The fundamental rules introduced in chapter  8 are all we need, and all an AI needs, in order to draw inferences from other inferences and from initial data.

From them, however, it is possible to derive some “shortcut” rules than can make the inferences shorter and faster. The situation is similar to what happens with some rules in algebra: for instance, we know that whenever we find the expression

\[ (a+b) \cdot (a-b) \]

then we can automatically substitute it with

\[ a^2 - b^2 \]

no matter the values of \(a\) and \(b\). The rule \((a+b) \cdot (a-b) = a^2-b^2\) is not a new algebraic rule: it’s simply the result of the application of the rules for addition \(+\) and multiplication \(\cdot\), and indeed we could just apply them directly:

\[ \begin{aligned} (a+b) \cdot (a-b) &=a\cdot a + b\cdot a - a\cdot b - b\cdot b \\ &=a^2 + b\cdot a - b\cdot a - b^2 \\ &=a^2 - b^2 \end{aligned} \]

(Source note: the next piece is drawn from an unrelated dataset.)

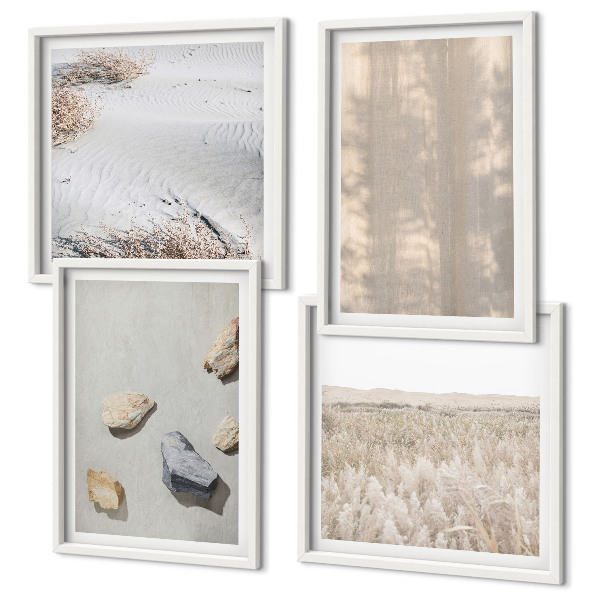 Galería de pared Texturas naturales de estilo bohemio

But if we remember that they always lead to the result \(a^2-b^2\), then we can directly use the “shortcut” rule \((a+b) \cdot (a-b) = a^2-b^2\) and save ourselves some time.

 Likewise with the four rules of inference. Some particular sequences of application of the rules occur very often. We can then simply memorize the starting and final steps of these sequences, and use them directly, skipping all the steps in between. These shortcut rules are not only useful for saving time, however. We shall see that they reveal interesting and intuitive inference patterns, which are implicit in the four inference rules.

It is possible and legitimate to implement these shortcut rules in an AI agent, besides the four fundamental ones. Such an agent will arrive at the same results and decisions of an identical AI agent that doesn’t use the shortcut rules – but a little faster.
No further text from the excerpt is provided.